You may be talking and interacting with companies that you didn’t even know existed, and it may help to pave the way for future business relationships.

Also of value is the fact that once you have located and hired one highly skilled individual, he or she may lead you to another. The contacts that they developed during their school years or early employment years can be invaluable.

“They can pick up the telephone, call the schools and say, ‘Do you have any students up there that are going to graduate?’” Swisher says. “All these guys know each other and the good news is they can help advise the student.”

In effect, you will have an in-house recruiter ― and a marketing agent. Word-of-mouth is one of the most convincing tools, as most companies know.

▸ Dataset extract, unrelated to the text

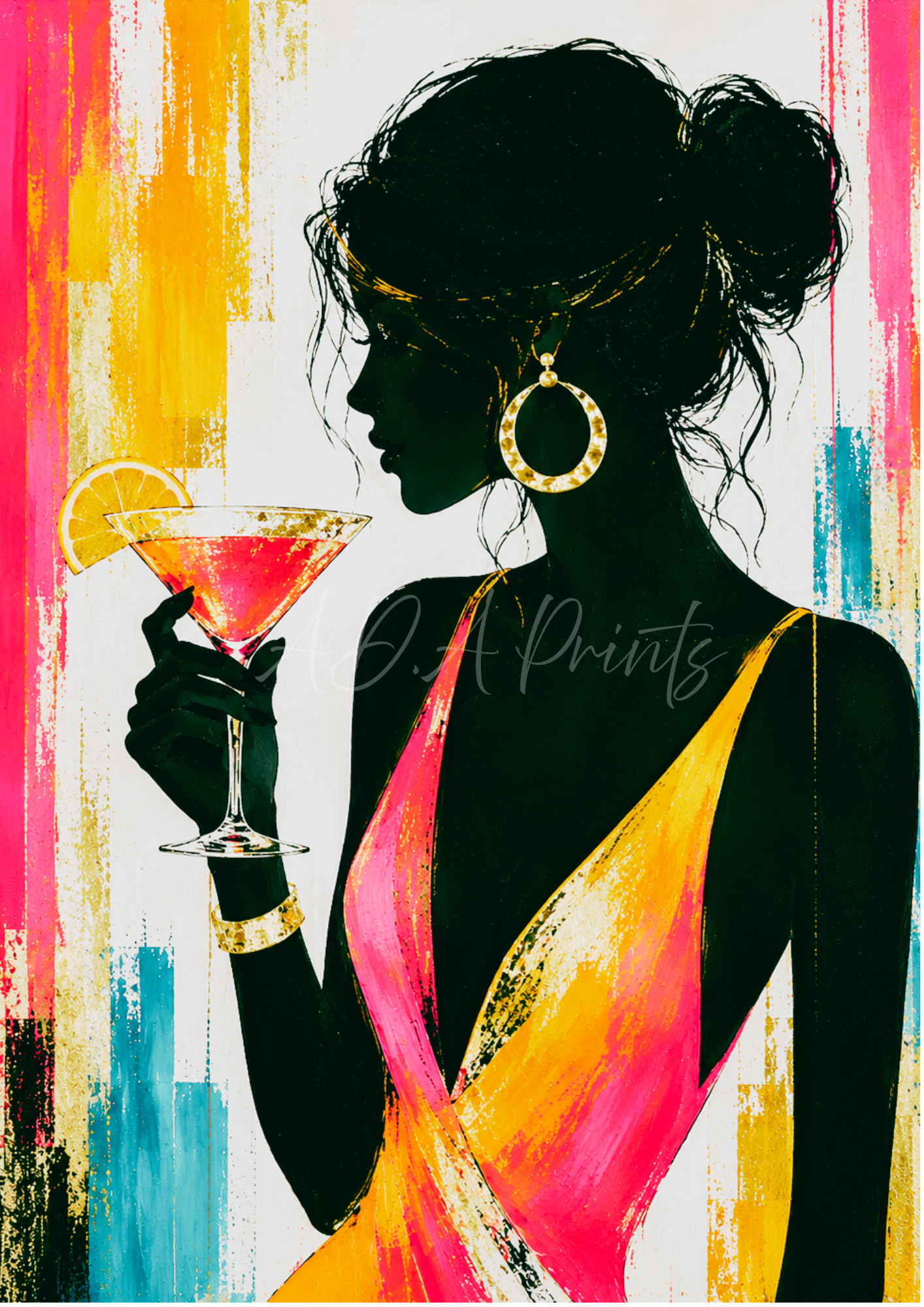 Cocktail Lady Silhouette Wall Art Print – bold fashion art featuring elegant female silhouette with martini glass and vibrant brushstroke colours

“They will know your company and they will sort of know who’s going to fit, who’s not going to fit, and why,” Swisher says. “They can describe your company and your activities to the students. So it helps both sides.”

“If you have a good reputation with those people, you’ll likely get some recommendations.”

Deal with the lows

Sometimes the best-laid plans can go awry, as the poet Robert Burns once said. You’ve lined up someone to do business with, he or she is bilingual and everything looks like it will work. Then something happens and the project never gets off the ground.

While not technically a joint venture, Swisher’s company attempted to set up a distributorship in Ukraine, working with a local businessman who spoke English and Russian ― and it died on the vine.

“It blew up,” Swisher says. “There was no question part of the problem was language and part was culture. We offended them somehow, obviously not intentional, but all of a sudden it became an issue we couldn’t overcome.”

What Swisher took away from that experience was that American business practices may differ from those in Ukraine.

“There was another company in Ukraine that contacted us and basically in that conversation we agreed to meet with them,” Swisher says. “This really offended our prospective distributor. We thought we were being up front, and he basically said if you go around my back once, you’re going to do it again. We could not get over that hurdle.”

In a case like that, it is best for you to dissolve the relationship. Chalk it up to the differences in culture and as a learning experience.

“Do not violate the original opportunity, even if you think a third party is only remotely connected,” Orr says. “Inform your partner first.”

When it comes to going your separate ways, make a concerted effort to have an amiable parting.

“We left as friends; that’s the best way, with mutual respect, realizing that the arrangement just wasn’t the best fit at the time,” he says. “That’s why you never burn any bridges behind you ― you may do business with them down the road.”

Luckily, losses were minimized on the Ukraine project. But two joint ventures JBS United had in the United States with Indiana companies went sour also, and while not causing heavy losses, they were failures attributable to incorrect conclusions. As with the international joint ventures, you need to evaluate the domestic joint ventures with the same scrutiny.

“First of all, we misjudged their talent,” Swisher says. “They were not as skilled as we thought they were, and they were not as reasonable as we anticipated. Those two things just killed those partnerships.”

But if you take a philosophical outlook, it will help put it in perspective.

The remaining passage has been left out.